İsrail-İran çatışması her gün şiddetini biraz daha artırıyor. Füzeler hastanelere isabet ediyor. Halklar tedirgin.
İsrail, Gazze’ye saldırmayı sürdürüyor. Çocuklar aç, gıda yardımı gidemiyor. Çocuklar kimsesiz, anaları babaları öldürülüyor.
Türkiye kaygılı, Suriye, İran’dan sonra sıra Türkiye’de mi?
Bu soru can sıkıyor.
Türkiye’de içeride birlik sözünü çok duyuyor olsak da, herkes bir yere savrulmuş durumda.
Her gün birileri tutuklanıyor.
Cumhurbaşkanı tutuklulara “Gel de etkin pişman ol” diyor. Hedef belli.
Memleketin yarısı borçlu.
Ticari kredilerde tasfiye olunacak alacaklar yüzde 57,3 büyümüş.

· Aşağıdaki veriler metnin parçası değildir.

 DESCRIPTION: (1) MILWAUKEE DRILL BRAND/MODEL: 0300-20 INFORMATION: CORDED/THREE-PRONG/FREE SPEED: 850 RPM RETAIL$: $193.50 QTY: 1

Bireysel kredi borçlusu ise bir yılda 2 milyon kişi artarak 42,3 milyona ulaşmış.
2003’te bir yıllık asgari ücretle 25.4 cumhuriyet altını alınabiliyorken, bugün sadece 9.5 cumhuriyet altını alınabiliyor.
Herkes meydanlarda, “İnsan gibi yaşayacakları maaşı istiyorlar” ama nerdeeee?
Kamuda tasarruf tedbirleri kapsamında doktorların hasta için isteyeceği tahliller sınırlandırıldı mesela.
Hekimlerin ‘Tedaviyi geciktirir’ diye tepki gösterdiği konu pes dedirtti.
Sağlıktan tasarruf olur mu?
Çocuklarımızı hala koruyamıyoruz.
Narin Güran cinayetinden sonra bu kez 9 yaşındaki Yasemin Yıldırım kayboldu. Bıçaklanarak öldürülen küçük kızın cesedi oturdukları binanın merdiven boşluğunda bulundu. Cinayet zanlısı ise 17 yaşındaki kız kuzen çıktı.
İnsanlar üniversite okumaktan vazgeçiyor olabilir. Öyle ki bu yılki YKS’ye başvuru sayısı 2.5 milyonda kalmış. Geçen yıllarda rakam 3.6 milyon.
“Okusak da okumasak da işsiziz, o halde niye bu kadar tırmalayalım” diye düşünüyor çocuklar.
Ezcümle, kan, gözyaşı, açlık arasında debelenip gidiyoruz.
Şu hayatın güzelliklerini görmeden, göremeden göçüp gideceğiz.
Bizler yine daha iyi durumdayız, en azından yüzümüz gülüyordu.
En azından bu kadar kirlenmemişti dünya.
Şimdiki gençler için çok üzülüyorum, hakkımızda hayırlısı.